What you will do | Would you repeat exactly the part of the listing below that runs from the line containing "Black Glass TV Stand" down to the line containing "Arsene Wenger the", inclusive, and nothing else?

Segment Start: Supplied data

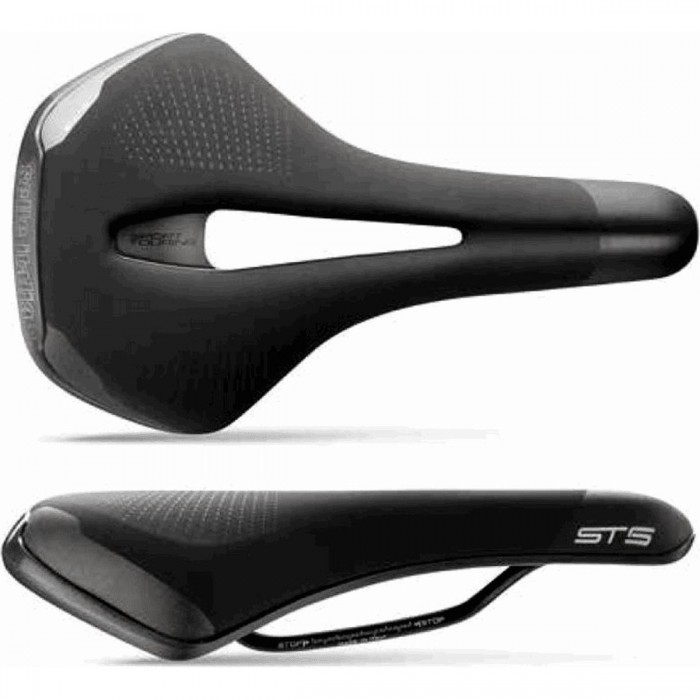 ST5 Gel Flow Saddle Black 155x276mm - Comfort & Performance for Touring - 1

Segment End: Supplied data
Segment Start: Supplied data

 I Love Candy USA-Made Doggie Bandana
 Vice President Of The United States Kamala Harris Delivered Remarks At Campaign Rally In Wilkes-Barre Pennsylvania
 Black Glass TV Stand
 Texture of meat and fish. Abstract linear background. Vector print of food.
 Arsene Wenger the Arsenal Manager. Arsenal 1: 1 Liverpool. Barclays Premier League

Segment End: Supplied data
Segment Start: Supplied data

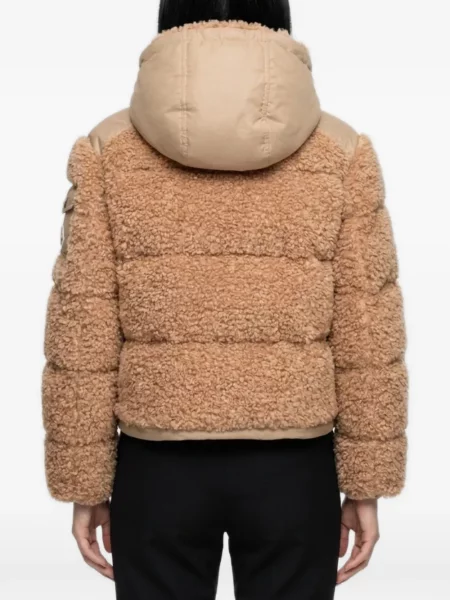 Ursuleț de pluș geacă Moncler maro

Segment End: Supplied data

Task solution |
 Black Glass TV Stand
 Texture of meat and fish. Abstract linear background. Vector print of food.
 Arsene Wenger the Arsenal Manager. Arsenal 1: 1 Liverpool. Barclays Premier League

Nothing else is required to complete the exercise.